## ACTIVITY
Scan the records below for the word "Courbe" and give only the number of lines that hold it.

[Data extracted from a collection]

━━━━━━━━━━

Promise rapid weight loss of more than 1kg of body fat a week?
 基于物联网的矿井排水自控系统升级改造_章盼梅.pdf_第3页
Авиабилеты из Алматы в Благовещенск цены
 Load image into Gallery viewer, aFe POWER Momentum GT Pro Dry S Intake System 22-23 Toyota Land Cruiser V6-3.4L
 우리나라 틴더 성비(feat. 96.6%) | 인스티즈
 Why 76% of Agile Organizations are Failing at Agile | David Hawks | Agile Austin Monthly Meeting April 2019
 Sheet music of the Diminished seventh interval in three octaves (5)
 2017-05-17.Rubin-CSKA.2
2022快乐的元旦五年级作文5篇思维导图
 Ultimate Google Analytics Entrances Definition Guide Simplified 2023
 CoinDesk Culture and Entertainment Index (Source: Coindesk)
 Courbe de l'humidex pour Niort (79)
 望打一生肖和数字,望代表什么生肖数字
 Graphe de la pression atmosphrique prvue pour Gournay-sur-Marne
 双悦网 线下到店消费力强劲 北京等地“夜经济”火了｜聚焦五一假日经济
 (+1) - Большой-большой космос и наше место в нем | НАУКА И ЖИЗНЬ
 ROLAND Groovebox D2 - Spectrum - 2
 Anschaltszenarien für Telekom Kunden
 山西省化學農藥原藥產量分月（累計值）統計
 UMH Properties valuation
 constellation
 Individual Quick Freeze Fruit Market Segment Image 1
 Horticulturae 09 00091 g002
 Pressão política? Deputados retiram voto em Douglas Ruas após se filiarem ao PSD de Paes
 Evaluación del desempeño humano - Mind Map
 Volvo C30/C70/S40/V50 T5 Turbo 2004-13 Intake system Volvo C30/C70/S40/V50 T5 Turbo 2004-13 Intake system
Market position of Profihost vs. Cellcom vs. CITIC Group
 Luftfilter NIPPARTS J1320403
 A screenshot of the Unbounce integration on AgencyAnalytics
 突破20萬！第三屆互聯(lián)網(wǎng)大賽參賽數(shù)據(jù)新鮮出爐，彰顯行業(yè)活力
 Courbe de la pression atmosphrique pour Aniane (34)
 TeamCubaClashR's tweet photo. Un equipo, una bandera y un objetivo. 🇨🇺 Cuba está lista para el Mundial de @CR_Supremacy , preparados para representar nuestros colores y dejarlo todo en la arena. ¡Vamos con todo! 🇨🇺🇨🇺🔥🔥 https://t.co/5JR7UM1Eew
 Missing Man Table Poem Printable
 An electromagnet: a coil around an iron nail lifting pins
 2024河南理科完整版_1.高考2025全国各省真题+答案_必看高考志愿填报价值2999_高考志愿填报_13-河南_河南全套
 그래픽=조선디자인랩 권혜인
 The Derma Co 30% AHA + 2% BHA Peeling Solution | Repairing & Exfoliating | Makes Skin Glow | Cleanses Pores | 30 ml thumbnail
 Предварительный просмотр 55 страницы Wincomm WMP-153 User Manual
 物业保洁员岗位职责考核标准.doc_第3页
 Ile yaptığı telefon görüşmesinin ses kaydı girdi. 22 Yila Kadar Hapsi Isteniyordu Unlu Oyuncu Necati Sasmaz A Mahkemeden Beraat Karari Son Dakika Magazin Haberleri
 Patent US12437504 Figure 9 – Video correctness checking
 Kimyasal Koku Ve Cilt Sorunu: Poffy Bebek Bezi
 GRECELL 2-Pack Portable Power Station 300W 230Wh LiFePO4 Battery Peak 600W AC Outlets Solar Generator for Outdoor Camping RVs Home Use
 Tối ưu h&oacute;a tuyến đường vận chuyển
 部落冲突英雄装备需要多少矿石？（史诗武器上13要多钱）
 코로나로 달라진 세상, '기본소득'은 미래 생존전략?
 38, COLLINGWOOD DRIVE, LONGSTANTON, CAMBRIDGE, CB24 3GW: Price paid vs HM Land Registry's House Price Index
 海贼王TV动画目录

━━━━━━━━━━

## ANSWER FOR THE TASK
2